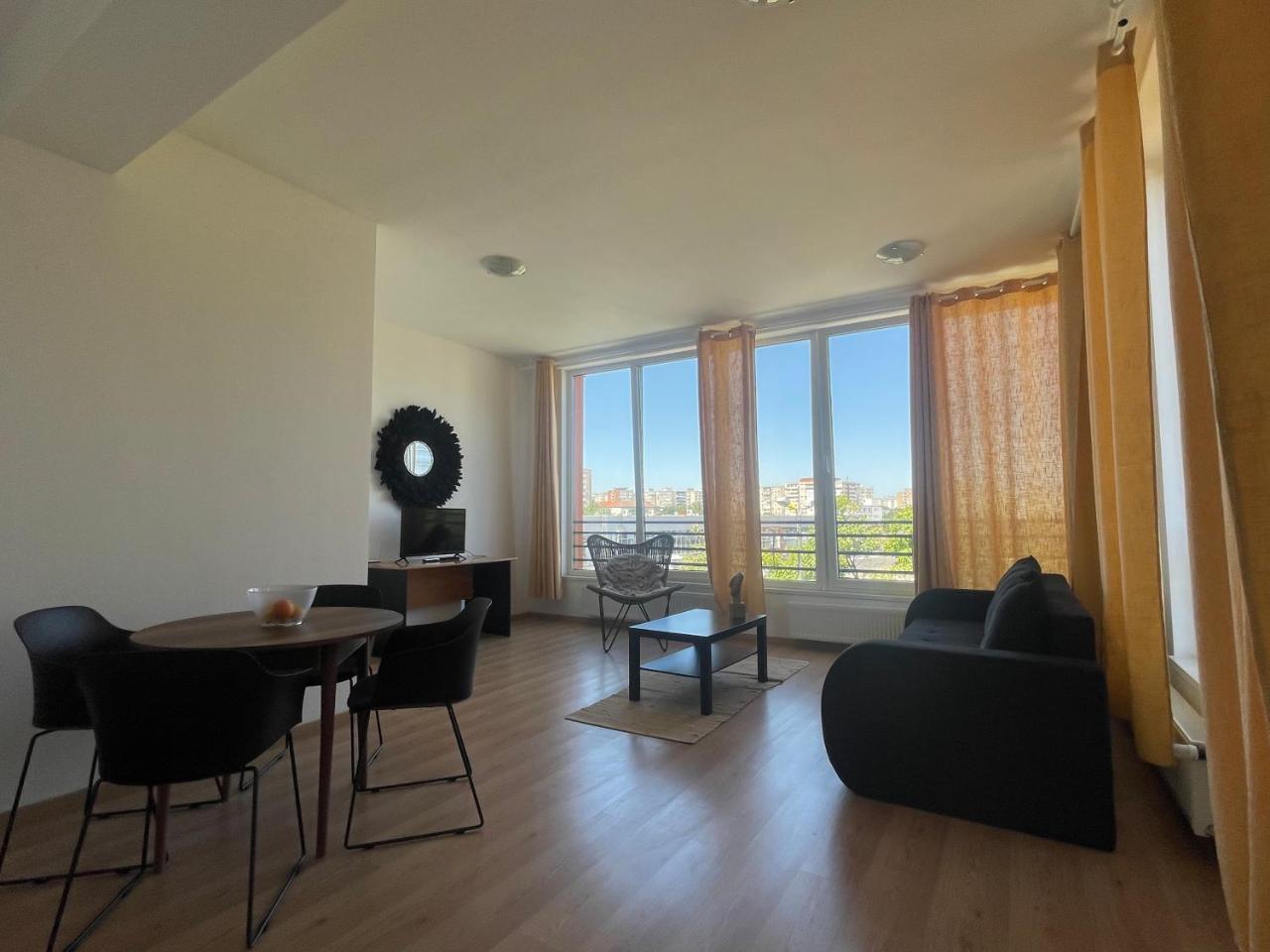 New Central Nr2 Self Checkin Oldcity Center Paid Parking With Lift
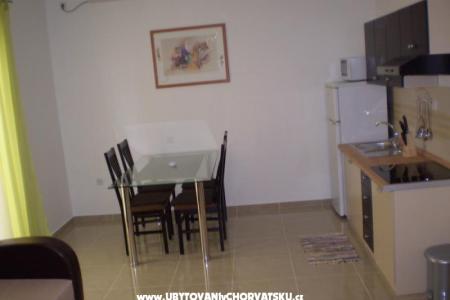 Apartmaji Sunny Trpanj foto 2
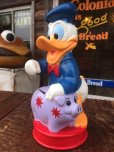 画像1: Vintage Disney Donald Duck Plastic Bank (MA858) (1)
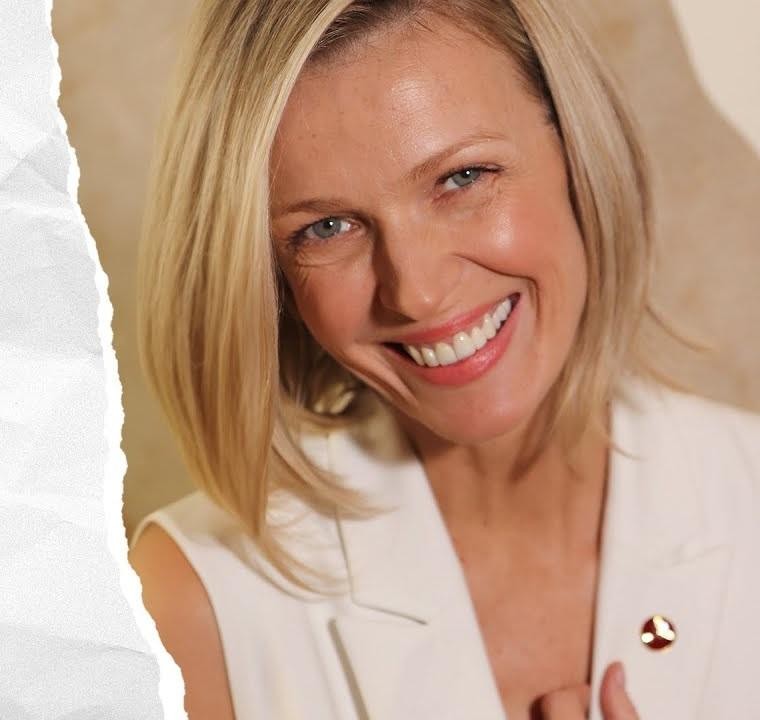 Magda Mołek podczas prowadzenia programu telewizyjnego, pełna charyzmy i profesjonalizmu, w nowoczesnym studiu.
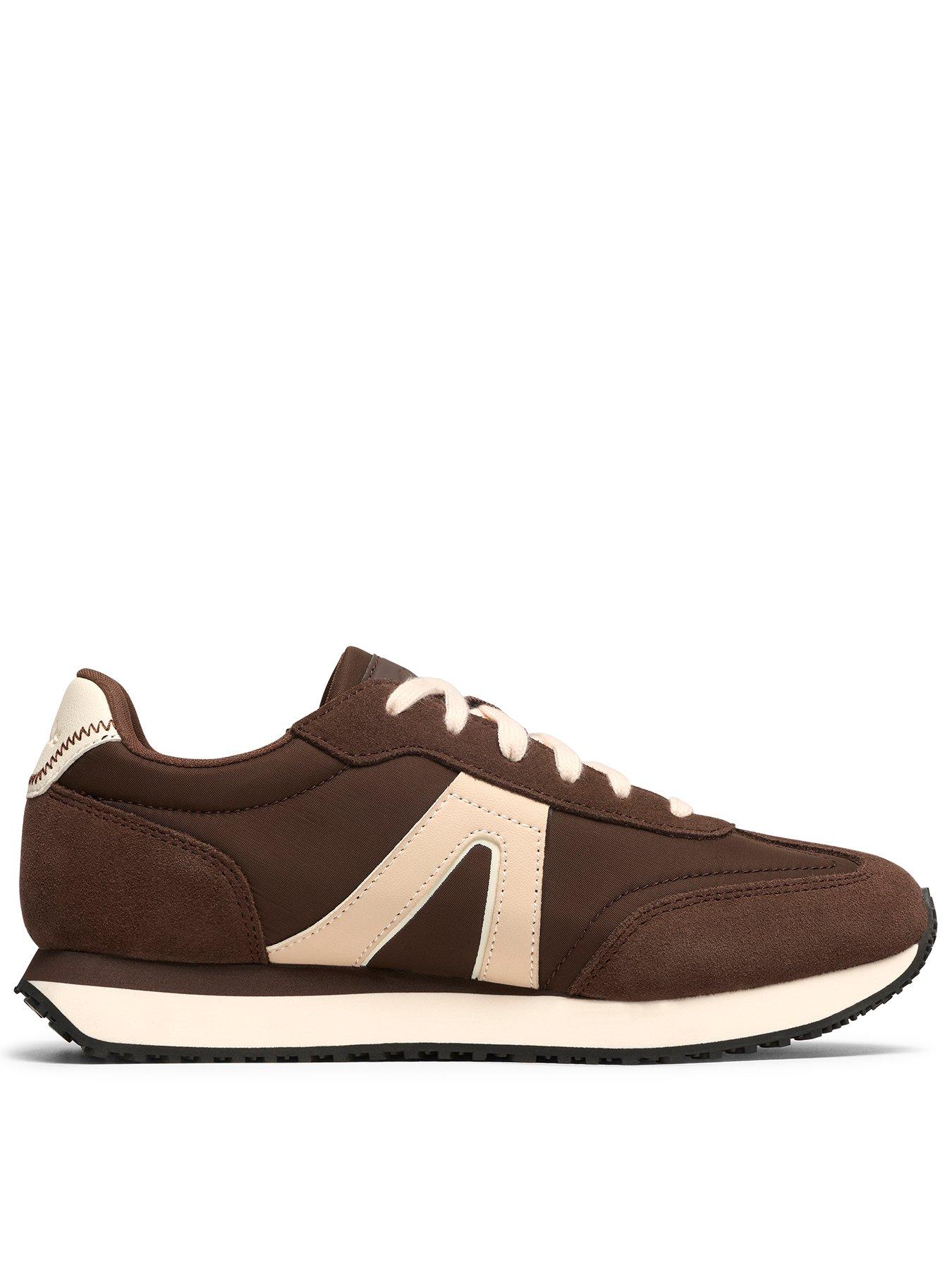 Clarks Calo Run Black Trainer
———
Work order → Exactly as they stand, write the lines from the one holding "画像1: Vintage Disney" to the end of the material, both ends included. Do not copy the pictures.

Solution for this task →
 画像1: Vintage Disney Donald Duck Plastic Bank (MA858) (1)
 Magda Mołek podczas prowadzenia programu telewizyjnego, pełna charyzmy i profesjonalizmu, w nowoczesnym studiu.
 Clarks Calo Run Black Trainer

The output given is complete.